Evidence is particularly limited regarding whether early (≤30 days) functional trajectories can be empirically identified across multiple hospitals using standardized Functional Independence Measure(FIM)-motor assessments, and how such trajectories may relate to baseline characteristics and early discharge outcomes. Addressing this gap is essential because the acute postoperative phase is the most dynamic period of functional change and directly influences rehabilitation planning and discharge pathways.
In contrast, the present study leveraged a multicenter cohort of 17 hospitals and focused on ADL recovery assessed using the motor FIM within the first 30 days after surgery. This early period represents the most dynamic phase of functional change and is critical for discharge planning and early rehabilitation.
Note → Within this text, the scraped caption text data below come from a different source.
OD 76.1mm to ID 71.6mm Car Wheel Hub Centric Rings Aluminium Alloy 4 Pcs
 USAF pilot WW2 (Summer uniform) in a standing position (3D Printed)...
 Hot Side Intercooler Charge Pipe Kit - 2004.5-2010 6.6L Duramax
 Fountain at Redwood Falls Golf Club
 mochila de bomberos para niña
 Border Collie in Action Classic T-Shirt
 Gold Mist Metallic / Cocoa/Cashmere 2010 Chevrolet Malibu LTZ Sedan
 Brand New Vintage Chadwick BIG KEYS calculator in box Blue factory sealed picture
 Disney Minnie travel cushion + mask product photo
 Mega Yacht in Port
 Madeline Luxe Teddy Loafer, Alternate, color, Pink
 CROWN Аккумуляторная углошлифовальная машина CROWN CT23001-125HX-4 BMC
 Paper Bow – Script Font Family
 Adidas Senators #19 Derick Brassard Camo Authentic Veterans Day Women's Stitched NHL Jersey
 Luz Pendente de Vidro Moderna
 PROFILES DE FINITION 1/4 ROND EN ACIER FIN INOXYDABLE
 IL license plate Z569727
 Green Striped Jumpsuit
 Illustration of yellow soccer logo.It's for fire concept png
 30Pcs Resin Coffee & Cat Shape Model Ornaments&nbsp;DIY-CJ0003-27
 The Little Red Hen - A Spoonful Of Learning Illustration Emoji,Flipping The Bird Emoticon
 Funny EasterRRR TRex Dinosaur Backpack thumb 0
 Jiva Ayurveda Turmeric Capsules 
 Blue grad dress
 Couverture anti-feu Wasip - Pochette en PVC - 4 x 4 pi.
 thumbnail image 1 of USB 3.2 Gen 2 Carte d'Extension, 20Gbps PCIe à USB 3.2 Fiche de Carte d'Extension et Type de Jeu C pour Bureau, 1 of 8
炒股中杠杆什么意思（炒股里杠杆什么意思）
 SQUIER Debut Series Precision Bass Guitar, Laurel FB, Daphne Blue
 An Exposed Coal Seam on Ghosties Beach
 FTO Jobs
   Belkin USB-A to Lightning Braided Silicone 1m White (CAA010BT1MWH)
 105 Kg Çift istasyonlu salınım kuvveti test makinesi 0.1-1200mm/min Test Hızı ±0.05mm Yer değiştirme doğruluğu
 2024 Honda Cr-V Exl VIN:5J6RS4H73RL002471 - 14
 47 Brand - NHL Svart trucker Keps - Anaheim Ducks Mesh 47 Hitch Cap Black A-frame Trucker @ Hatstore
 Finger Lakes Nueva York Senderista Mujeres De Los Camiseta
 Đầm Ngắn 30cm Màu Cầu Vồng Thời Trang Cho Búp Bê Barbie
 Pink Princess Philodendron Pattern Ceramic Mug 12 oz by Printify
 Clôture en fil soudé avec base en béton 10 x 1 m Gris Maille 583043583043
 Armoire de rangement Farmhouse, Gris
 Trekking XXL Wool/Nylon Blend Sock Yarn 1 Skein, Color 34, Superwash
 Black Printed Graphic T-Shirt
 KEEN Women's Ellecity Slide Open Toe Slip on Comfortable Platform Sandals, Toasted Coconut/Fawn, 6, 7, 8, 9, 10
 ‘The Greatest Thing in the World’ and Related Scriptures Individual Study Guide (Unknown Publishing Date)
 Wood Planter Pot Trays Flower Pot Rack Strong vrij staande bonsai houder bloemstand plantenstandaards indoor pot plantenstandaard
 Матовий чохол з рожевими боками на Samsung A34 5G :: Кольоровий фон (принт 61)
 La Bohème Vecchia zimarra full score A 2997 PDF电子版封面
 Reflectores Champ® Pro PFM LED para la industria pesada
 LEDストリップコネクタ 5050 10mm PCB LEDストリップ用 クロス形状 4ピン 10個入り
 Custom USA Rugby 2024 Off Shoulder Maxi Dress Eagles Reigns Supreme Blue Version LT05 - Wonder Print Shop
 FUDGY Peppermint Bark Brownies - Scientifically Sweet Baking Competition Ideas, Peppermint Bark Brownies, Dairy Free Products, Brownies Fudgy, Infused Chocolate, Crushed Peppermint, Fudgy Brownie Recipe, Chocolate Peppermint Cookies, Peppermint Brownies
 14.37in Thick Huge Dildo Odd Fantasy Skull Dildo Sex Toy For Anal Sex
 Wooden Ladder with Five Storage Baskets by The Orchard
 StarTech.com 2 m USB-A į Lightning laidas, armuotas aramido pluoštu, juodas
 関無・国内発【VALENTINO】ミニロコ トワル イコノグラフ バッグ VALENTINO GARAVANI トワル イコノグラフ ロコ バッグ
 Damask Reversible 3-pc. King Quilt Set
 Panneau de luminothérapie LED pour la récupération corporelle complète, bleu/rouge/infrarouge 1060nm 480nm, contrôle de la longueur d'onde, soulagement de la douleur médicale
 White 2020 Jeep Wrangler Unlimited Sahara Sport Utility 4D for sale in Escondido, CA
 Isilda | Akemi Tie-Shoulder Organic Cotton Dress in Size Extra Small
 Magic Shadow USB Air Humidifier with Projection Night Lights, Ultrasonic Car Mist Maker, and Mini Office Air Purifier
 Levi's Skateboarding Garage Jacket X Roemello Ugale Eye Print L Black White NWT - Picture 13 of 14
The objective of this study was to identify distinct early recovery trajectories in motor function within 30 days after hip fracture surgery using growth mixture modeling and to examine both patient- and hospital-level factors associated with these patterns. We hypothesized that multiple recovery trajectories exist and that these trajectories are significantly associated with cognitive status, age, and preinjury mobility.
2. Materials and Methods
2.1. Study Design and Setting
This study was a retrospective analysis of prospectively collected data from the Nagano Hip Fracture Database, a multicenter registry in Japan that gathers information on patient characteristics and rehabilitation outcomes [7]. For this study, we included consecutive patients from 17 acute care hospitals between 1 December 2019 and 31 December 2024. Data were collected using a secure cloud-based electronic data-capture system.
2.2. Participants
Consecutive patients with femoral neck or trochanteric fractures who underwent surgery were eligible. The inclusion criteria were as follows: (1) age ≥ 65 years, (2) admission to an acute care hospital, and (3) no postoperative weight-bearing restrictions. Wheelchair users were included if the other criteria were met. Patients who died during hospitalization were excluded.
2.3. Bias Minimization
To reduce the selection bias, all eligible patients were consecutively included in the study without sampling. Information bias was minimized through standardized data collection protocols and training across participating hospitals.
2.4. Sample Size
No formal sample size calculation was performed, as this was a consecutive all-case registry study involving all eligible admissions across 17 hospitals over a 5-year period. The large sample size (n = 2423) provides sufficient statistical power for trajectory modeling and subgroup analyses. While the sample size requirements for latent variable models depend on factors such as model complexity and effect size, Monte Carlo studies provide clear benchmarks [15]. For growth models, a class of trajectory models, the sample size required to achieve 80% power under the most stringent conditions (small effect size of 0.1 and missing data) was 1025. Since our sample substantially exceeds this benchmark, we are confident of the high statistical power required to detect small effects and identify potentially small unobserved subpopulations.
2.5. Ethics
This study was approved by the Ethics Committee of the School of Medicine, Shinshu University, on 12 November 2019 (protocol number: 4541), and conducted in accordance with the principles of the Declaration of Helsinki. Given the observational nature and retrospective analysis of prospectively collected data, the requirement for written informed consent was waived, and an opt-out procedure was performed at each hospital. The study information is publicly available through the University Hospital Information Network (UMIN-CTR, UMIN000054114). Also, this study was conducted according to the Strengthening the Reporting of Observational Studies in Epidemiology (STROBE) guidelines for cohort studies [16].
2.6. Measurements
The patient’s background data included age, sex, body mass index (BMI), comorbidities (respiratory, cardiovascular, and neurological diseases), cognitive function before the fracture, pre-injury residence, and mobility status. Cognitive function was assessed using the Degree of Daily Life Independence Score for People with Dementia (DDLIS-PD) [17,18]. This assessment consists of seven scales and is widely used to evaluate dementia in Japan. In this study, cognitive impairment was defined as DDLIS-PD grade II, with independence from some hindrances, or higher grades. We have previously applied this scale in a hip fracture cohort [7], demonstrating its clinical relevance by showing a significant association between higher DDLIS-PD grades and reduced likelihood of early postoperative mobilization. Although formal validation in post-fracture populations remains limited, its practicality and prior clinical use support its application in this study.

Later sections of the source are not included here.